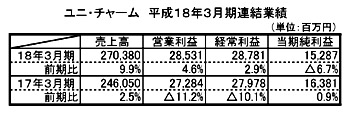 ユニチャーム18年3月期連結決算、ヘルス及びペットケアが牽引し増収増益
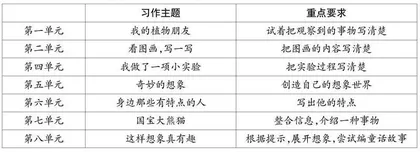梳理归类，迁移表达，重组再创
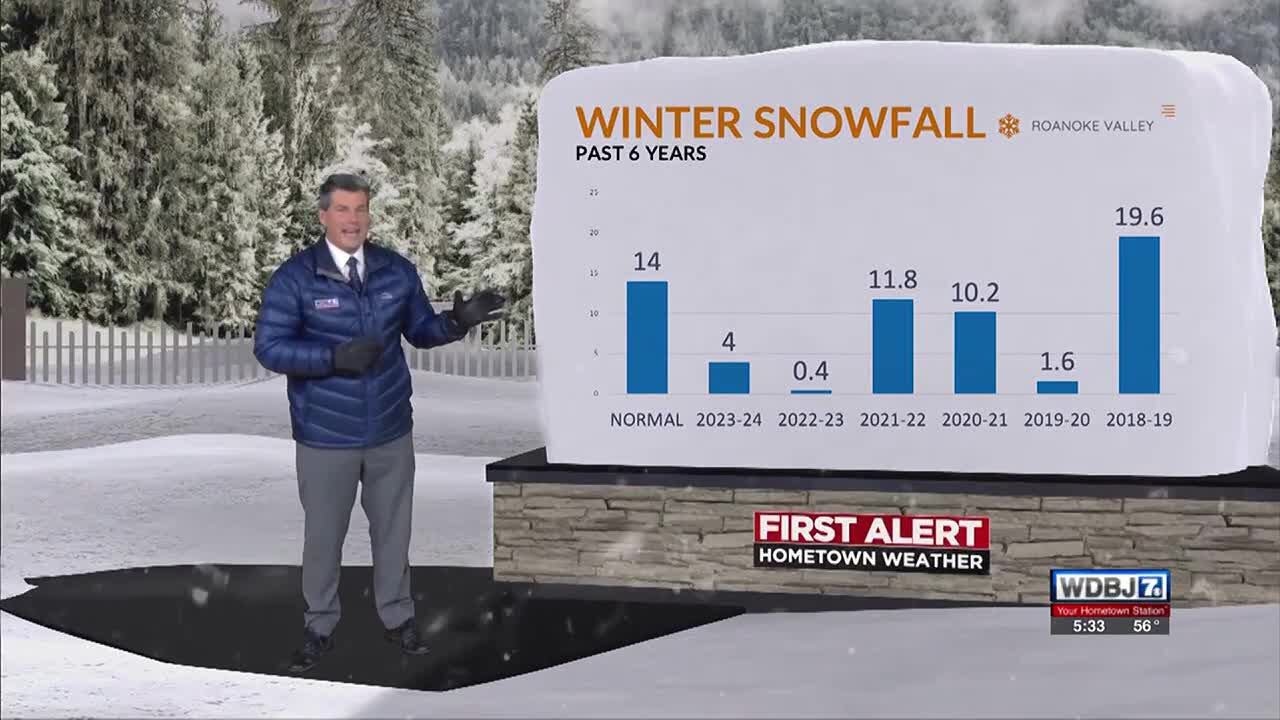 First Alert Winter Outlook 2024-2025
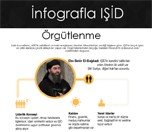 /haber/infografikle-isid-158721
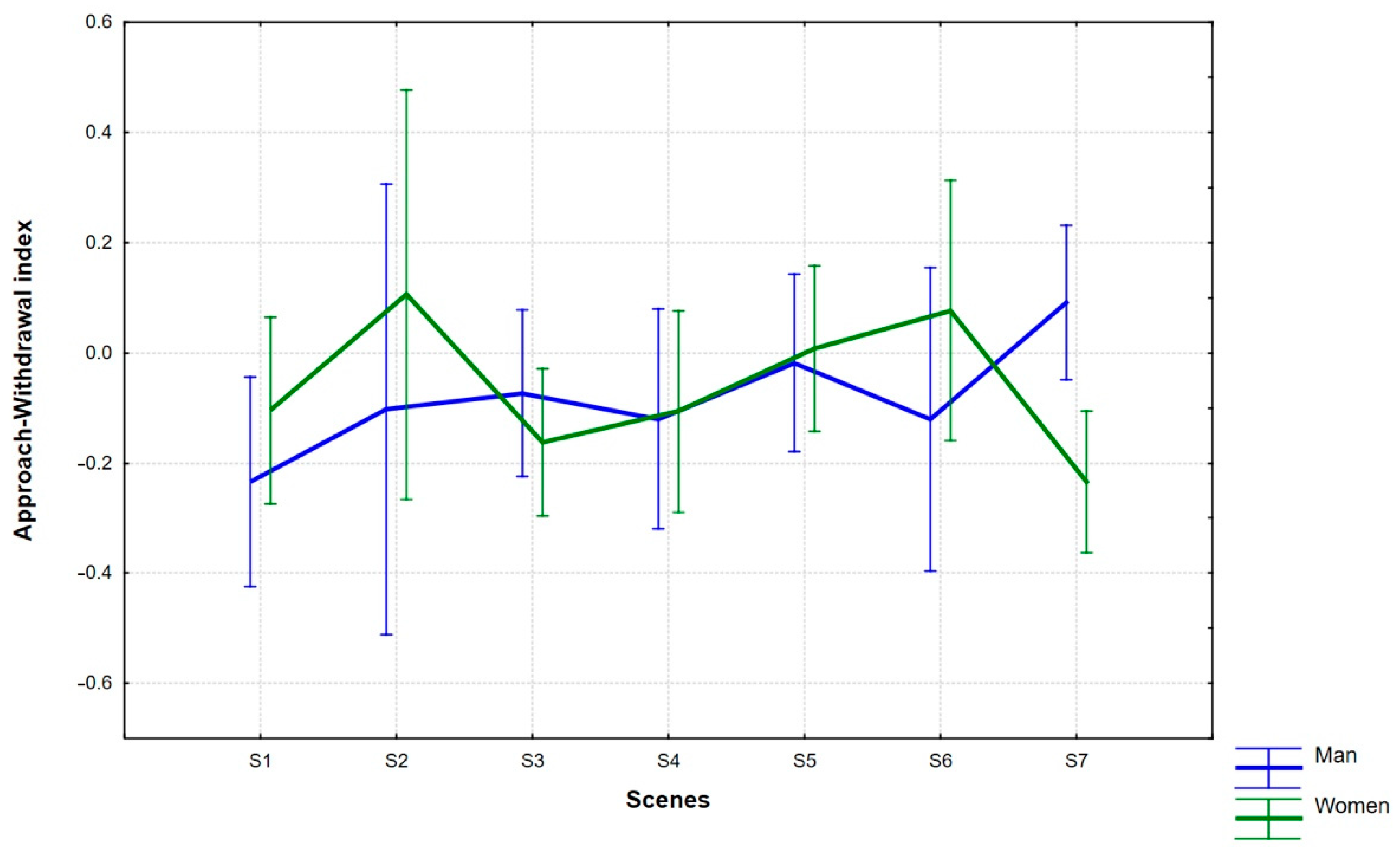 Ijerph 18 05331 g003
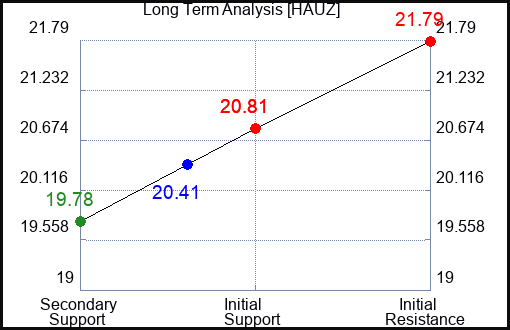 HAUZ Long Term Analysis for April 22 2024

● ● ● ● ●

Copy the lines from the line that contains "Ijerph 18 05331 g003" through the end of the records, exactly and with nothing added; leave the pictures out.

 Ijerph 18 05331 g003
 HAUZ Long Term Analysis for April 22 2024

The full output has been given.